Levens Hall, Cumbria

To describe this house as a 'fine Elizabethan mansion' does not emphasise its medieval origins, or prepare the visitor for the olde worlde charm of the greystone, gabled property and its beautiful gardens. The irregular shape of Levens Hall is a clue to the various periods of building spanning some 500 years. In the mid 13th century the structure was a simple square fortified tower house (pele tower), but this was transformed by the Bellingham family in the second half of the 16th century.

Retaining the tower in the central core of the new house, many refinements were made and all modern comforts were installed to provide a lavish family residence. The house was again extended early in the 18th century, when Colonel James Grahme added a South Wing and Brew House. At the same time, he also commissioned James II's gardener at Hampton Court to lay out the gardens at Levens Hall. In 1820 the building was completed with the Howard Tower.

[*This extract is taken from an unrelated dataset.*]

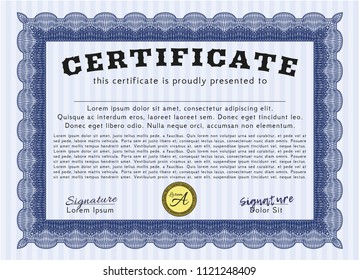 Blue Sample Certificate. Elegant design. With linear background. Detailed.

Superb plasterwork ceilings, and richly carved oak panelling feature throughout the house, the work in the ground floor rooms being largely Elizabethan. The dining room has an especially luxurious feel to it because not only is there a moulded plaster ceiling, an exquisite wooden overmantel to the fireplace, and a set of very fine Charles II walnut chairs, but the walls are covered in embossed Spanish leather. In fact, every room at Levens Hall is a feast for the eyes, from the elaborate decor to the personal family treasures collected over the last five centuries. Paintings, china, clocks, heraldic glass, and numerous unique items of memorabilia are on display for the visitor to enjoy. This is not a museum piece but a family home with a warm and welcoming atmosphere.

Outside the much acclaimed topiary gardens, designed by Monsieur Beaumont, remain much as they were when he first laid them out over three hundred years ago. Lovingly maintained, the sculptured trees are underplanted with seasonal bedding and always look a picture, as do the other gardens at Levens Hall. Colourful herbaceous borders, parterres of wild flowers, and a formal fountain garden with lime trees are all accessible to the public.

Situated on the edge of the Lake District, just five miles south of Kendal, this lovely family home is a rare find. Totally unspoilt by unnecessary modernisation, but sympathetically restored and maintained for continuing use. With more than 700 years of habitation to date Mr & Mrs Bagot, the current owners of Levens Hall, are keen to ensure that many future generations will be proud to call it home.